If you would like to become a Bookstarter, and/or want more information on Bookstart, please contact The Bookstart Team at Booktrust on 020 8516 2995. Our website address is www.booktrust.org.uk
Rosemary Clarke, Schemes & Partnerships Co-Ordinator
Booktrust, Book House, 45 East Hill, London SW18 2QZ
THE UGLY DUCKLING
Dear Editor
I seldom comment on a review of my own writing but, for the record, my retelling of ‘The Ugly Duckling’ is not an abridgement of the Bodley Head translation as Elaine Moss suggests (‘Picture Books for the Not So Very Young’ in BfK No. 128). I consulted several translations, old and new, and worked directly from the Danish.
Kevin Crossley-Holland
Clare Cottage, Burnham Market, Norfolk PE31 8HE
STARS
Dear Editor
I read with interest the letter from Philip Pullman about the word ‘sad’ (BfK No. 129, ‘SAD’ STARS) and your reply. I had always assumed that ‘sad’ was being used in its more traditional sense of ‘causing sorrow’, for it is a shame when a book for children that has been through the hands of so many adults on the way to publication, still manages not to turn out well.
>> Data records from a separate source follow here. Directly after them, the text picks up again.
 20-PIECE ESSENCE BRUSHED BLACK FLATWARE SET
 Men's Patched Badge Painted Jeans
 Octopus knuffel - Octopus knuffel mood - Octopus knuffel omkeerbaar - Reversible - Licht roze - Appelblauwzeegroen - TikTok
I find ‘poor’ harsher.
I don’t know who has the final say in the awarding of stars, but I have certainly found them invaluable when choosing books for children. For this alone I would rate BfK ‘Unmissable’ and give it five stars!
Cynthia Dummett
3 Begonia Close, Kempshott, Basingstoke, Hampshire RG22 5RA
‘RELUCTANT’ 25-YEAR-OLD
Dear Editor
As a teenager, reading books was never on my 25-year-old brother’s list of things to do. And sadly, he had not read a book since leaving school.
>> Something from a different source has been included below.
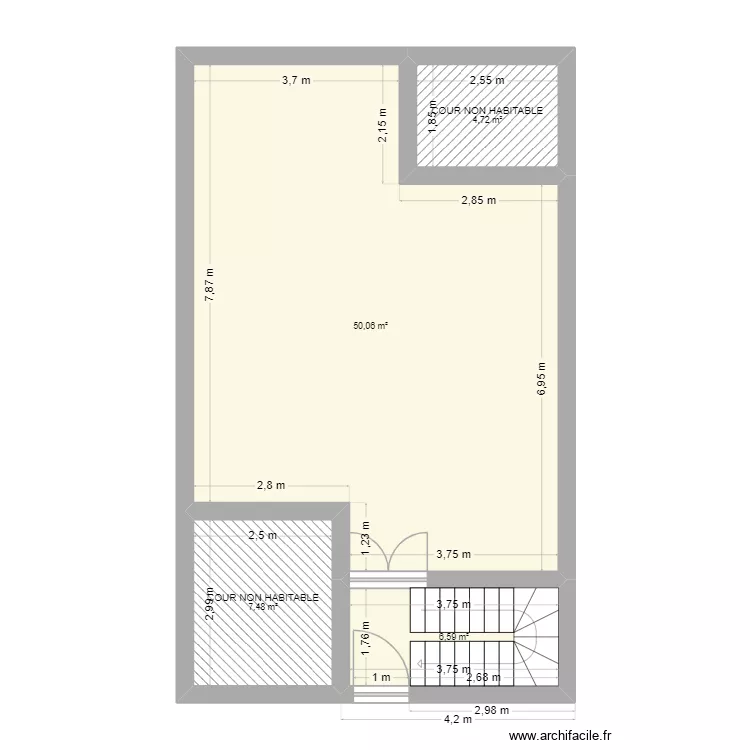 1 er etage. Plan de 4 et 69 m² 1 er etage. Plan de 4 et 69 m²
But after a recent accident left him unable to work for a month, I gave him Harry Potter and the Philosopher’s Stone. Seeing the size of the book, he complained that it would probably take him a whole year to read. But in fact, he read it in five days Then promptly phoned me asking for the next Harry Potter book – ASAP. Within another week he was onto the third book and is currently telling all his friends about Harry. So, thank you, J.K. Rowling. And long reign Harry Potter!
Tania Cox
PO Box 972, Ayr, Queensland 4807, Australia
THE BRITISH COUNCIL
Dear Editor
Supporting your congratulations (BfK No. 128) to Grace Kempster, newly-appointed Director of Information Services Management with the British Council, it is a sad loss to ‘children’s library services in the UK’ but not necessarily of the UK. Given the high quality of British children’s books – something my students in a shadowing group for the LA Carnegie and Kate Greenaway Awards know only too well – the British Council may have a role in presenting the best of current children’s literature and librarianship at the various centres (some of which include libraries) around the world. Although local factors apply so that this role is not always prioritised, it is hoped that such ‘showcasing’ may occur more often than not, especially given the Council’s developing role in English language teaching – quality material with which English language skills may be used, as it were. Certainly, such support is helpful to those of us promoting quality English-language children’s books in other countries.